The requirements are spelled out in Part 4 of BS EN 62305, including RF Reference structures and surge protection devices to protect against overvoltage surges on power and signal/data/control cables; and shielding against lightning electromagnetic pulse (LEMP) using meshed metal structures and other conductors.

Interestingly, it also includes requirements for the immunity of the equipment/systems to pulsed magnetic fields. Since such tests are not required by any of the standards listed under the EMC Directive, it will not be sufficient to rely on the CE marking when purchasing equipment/systems. They will also need documentation that shows they would pass the appropriate levels of pulsed magnetic field tests (IEC 61000-4-9 and 61000-4-10) that have been calculated using BS EN 62305-4.
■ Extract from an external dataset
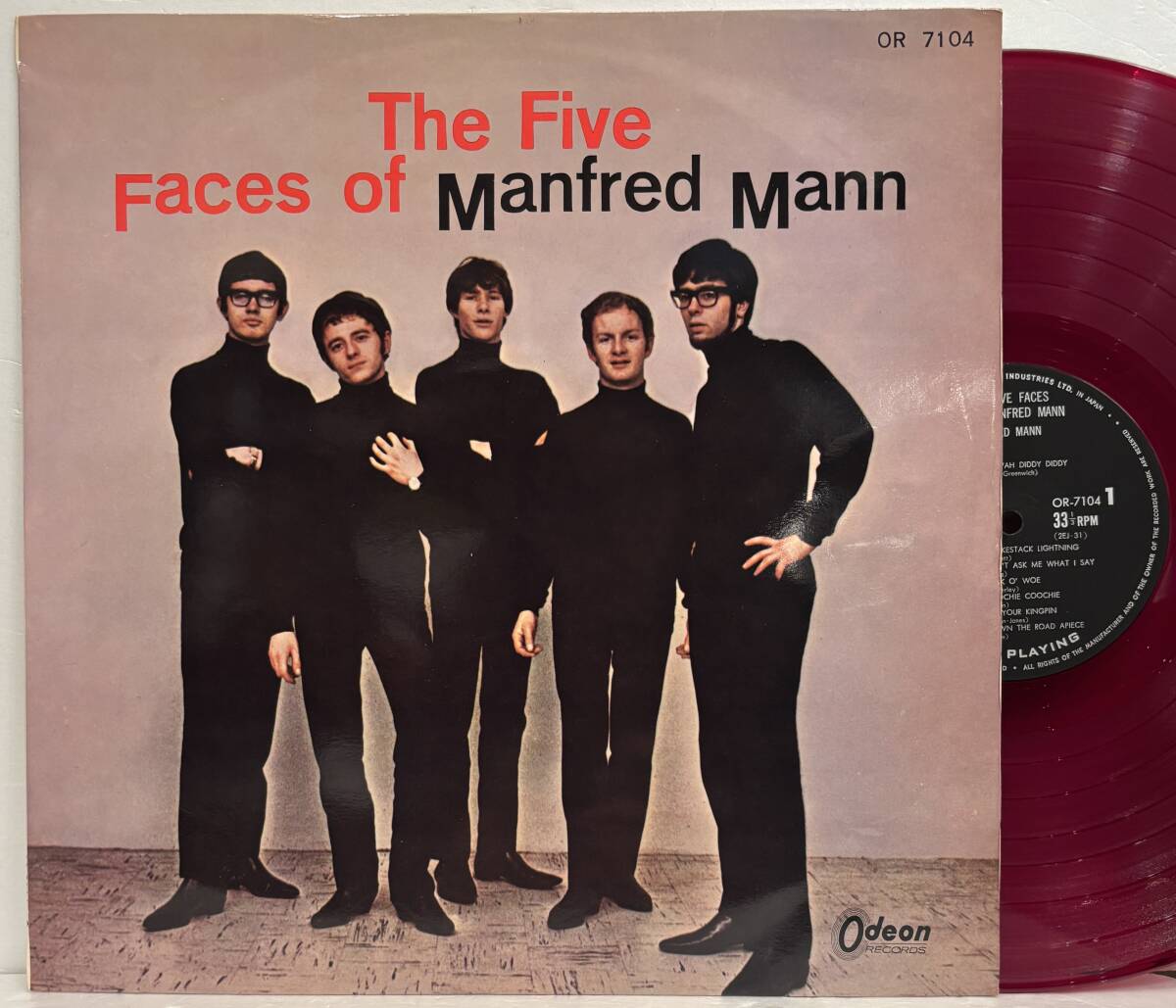 レコード　　マンフレッド・マン レコード マンフレッド・マン マンフレッド・マン/Manfred Mann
Although all of these Directives, EMC Regulations, (future) Wiring Regulations and lightning protection standards mandate the use of good EMC engineering practices, they generally do not describe how to actually do them. For example, in BS EN 62305 or the future IEE Wiring Regulations, there are requirements such as ‘install an appropriate filter’ - but they don’t tell you how to select the filter, or how to install it so that it achieves the intended EMC suppression purpose. And as a previous column in this series has shown, if you don’t assemble/install the filter correctly it won’t work as intended and could even make interference worse.

The same is true for all other EMC issues - the techniques that are required to make them work in real-life are not described in 2004/108/EC or the UK’s associated 2006 EMC Regulations, BS EN 62305-4 or the future edition of BS7671. They tell us what techniques are required, but in the main they do not tell us how to do them.

The situation is made more difficult by the fact that many of the practical EMC engineering techniques that are now required are not yet commonly used in electrical installations, and there is no tradition of EMC engineering amongst architects, building and site design consultants, electrical installers, M&E Contractors and panel builders; and only a few system integrators seem to understand what is needed.

These brief columns are not only intended to inform PSB readers of new legislation and standards, but also to fill the gap between their requirements and practical engineering techniques by providing the necessary understanding of how to do good EMC engineering in real life, in practical detail that can be applied immediately.